Exercise details
Lines to return, exactly: from the line with "bluzki z odkrytymi" to the line with "Aeg 6000 Ork6d391ew Tall Fridge White" in the entries below, both included.

Extracted entries
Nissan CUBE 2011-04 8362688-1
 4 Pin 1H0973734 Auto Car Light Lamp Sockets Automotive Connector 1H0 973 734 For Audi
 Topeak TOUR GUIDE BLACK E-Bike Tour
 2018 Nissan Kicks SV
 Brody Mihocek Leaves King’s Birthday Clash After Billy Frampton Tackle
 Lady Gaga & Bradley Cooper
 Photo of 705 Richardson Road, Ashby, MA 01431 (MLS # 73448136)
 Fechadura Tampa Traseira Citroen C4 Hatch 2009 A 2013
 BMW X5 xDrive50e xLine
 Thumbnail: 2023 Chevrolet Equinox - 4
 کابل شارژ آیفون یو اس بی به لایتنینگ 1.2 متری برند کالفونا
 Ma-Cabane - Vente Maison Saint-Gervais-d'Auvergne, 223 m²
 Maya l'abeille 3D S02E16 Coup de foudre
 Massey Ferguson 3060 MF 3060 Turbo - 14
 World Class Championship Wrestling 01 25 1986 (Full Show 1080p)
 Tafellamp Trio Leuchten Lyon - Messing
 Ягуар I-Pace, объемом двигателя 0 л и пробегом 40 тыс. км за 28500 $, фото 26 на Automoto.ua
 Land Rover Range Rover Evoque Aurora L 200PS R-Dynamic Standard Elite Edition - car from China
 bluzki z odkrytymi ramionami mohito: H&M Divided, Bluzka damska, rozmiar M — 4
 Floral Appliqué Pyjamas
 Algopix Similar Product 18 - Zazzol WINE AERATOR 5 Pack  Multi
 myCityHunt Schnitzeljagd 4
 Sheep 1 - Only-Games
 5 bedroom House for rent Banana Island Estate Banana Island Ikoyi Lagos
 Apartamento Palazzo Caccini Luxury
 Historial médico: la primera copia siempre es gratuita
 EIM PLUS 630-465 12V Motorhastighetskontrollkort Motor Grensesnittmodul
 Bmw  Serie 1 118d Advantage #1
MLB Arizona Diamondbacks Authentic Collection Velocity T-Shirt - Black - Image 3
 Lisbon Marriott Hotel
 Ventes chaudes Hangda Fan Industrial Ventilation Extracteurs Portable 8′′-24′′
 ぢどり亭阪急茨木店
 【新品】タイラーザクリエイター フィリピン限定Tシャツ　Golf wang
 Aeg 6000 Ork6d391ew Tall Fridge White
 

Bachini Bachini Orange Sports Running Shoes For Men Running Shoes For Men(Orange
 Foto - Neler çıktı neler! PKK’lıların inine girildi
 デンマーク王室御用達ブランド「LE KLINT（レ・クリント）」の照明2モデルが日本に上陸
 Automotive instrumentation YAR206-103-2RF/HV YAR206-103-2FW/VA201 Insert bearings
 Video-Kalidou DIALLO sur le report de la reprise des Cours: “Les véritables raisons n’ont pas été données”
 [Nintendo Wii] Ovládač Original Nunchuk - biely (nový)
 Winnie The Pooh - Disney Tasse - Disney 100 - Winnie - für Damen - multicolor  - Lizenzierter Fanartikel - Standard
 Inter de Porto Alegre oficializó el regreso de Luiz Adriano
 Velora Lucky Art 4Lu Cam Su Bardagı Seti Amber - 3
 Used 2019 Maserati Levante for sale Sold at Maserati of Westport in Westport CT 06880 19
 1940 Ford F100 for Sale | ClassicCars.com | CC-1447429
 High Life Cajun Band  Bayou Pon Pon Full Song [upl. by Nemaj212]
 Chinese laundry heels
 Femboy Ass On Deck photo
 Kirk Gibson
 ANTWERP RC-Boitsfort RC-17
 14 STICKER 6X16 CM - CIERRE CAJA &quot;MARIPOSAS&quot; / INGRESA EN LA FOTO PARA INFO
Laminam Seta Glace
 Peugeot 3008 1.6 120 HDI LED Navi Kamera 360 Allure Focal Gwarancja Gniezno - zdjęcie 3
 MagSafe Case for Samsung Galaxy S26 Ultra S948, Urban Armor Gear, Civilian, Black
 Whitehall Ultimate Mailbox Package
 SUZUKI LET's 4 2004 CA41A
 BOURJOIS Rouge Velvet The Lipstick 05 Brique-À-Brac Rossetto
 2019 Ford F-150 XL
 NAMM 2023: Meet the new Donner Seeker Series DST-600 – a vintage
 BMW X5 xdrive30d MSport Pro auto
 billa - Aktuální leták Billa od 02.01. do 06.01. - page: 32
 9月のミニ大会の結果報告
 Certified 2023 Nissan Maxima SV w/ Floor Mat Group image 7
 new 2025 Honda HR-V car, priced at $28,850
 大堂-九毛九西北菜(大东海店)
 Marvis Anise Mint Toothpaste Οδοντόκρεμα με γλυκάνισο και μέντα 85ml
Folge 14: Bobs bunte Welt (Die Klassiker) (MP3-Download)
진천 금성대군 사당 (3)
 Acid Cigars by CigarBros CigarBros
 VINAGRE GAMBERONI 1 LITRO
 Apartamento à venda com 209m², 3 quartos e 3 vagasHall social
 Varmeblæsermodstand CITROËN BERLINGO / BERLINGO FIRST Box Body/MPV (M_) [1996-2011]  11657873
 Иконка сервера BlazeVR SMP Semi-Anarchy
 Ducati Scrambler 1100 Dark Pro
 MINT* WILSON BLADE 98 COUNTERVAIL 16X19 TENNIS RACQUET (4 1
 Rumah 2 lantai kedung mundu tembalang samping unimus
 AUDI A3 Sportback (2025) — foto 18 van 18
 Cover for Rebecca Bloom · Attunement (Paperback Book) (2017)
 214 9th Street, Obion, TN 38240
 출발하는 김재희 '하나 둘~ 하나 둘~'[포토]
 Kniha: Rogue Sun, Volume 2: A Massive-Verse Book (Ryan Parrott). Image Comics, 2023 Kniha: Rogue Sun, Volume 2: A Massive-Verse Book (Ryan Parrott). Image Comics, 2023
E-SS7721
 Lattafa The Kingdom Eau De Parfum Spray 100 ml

Your solution
 bluzki z odkrytymi ramionami mohito: H&M Divided, Bluzka damska, rozmiar M — 4
 Floral Appliqué Pyjamas
 Algopix Similar Product 18 - Zazzol WINE AERATOR 5 Pack  Multi
 myCityHunt Schnitzeljagd 4
 Sheep 1 - Only-Games
 5 bedroom House for rent Banana Island Estate Banana Island Ikoyi Lagos
 Apartamento Palazzo Caccini Luxury
 Historial médico: la primera copia siempre es gratuita
 EIM PLUS 630-465 12V Motorhastighetskontrollkort Motor Grensesnittmodul
 Bmw  Serie 1 118d Advantage #1
MLB Arizona Diamondbacks Authentic Collection Velocity T-Shirt - Black - Image 3
 Lisbon Marriott Hotel
 Ventes chaudes Hangda Fan Industrial Ventilation Extracteurs Portable 8′′-24′′
 ぢどり亭阪急茨木店
 【新品】タイラーザクリエイター フィリピン限定Tシャツ　Golf wang
 Aeg 6000 Ork6d391ew Tall Fridge White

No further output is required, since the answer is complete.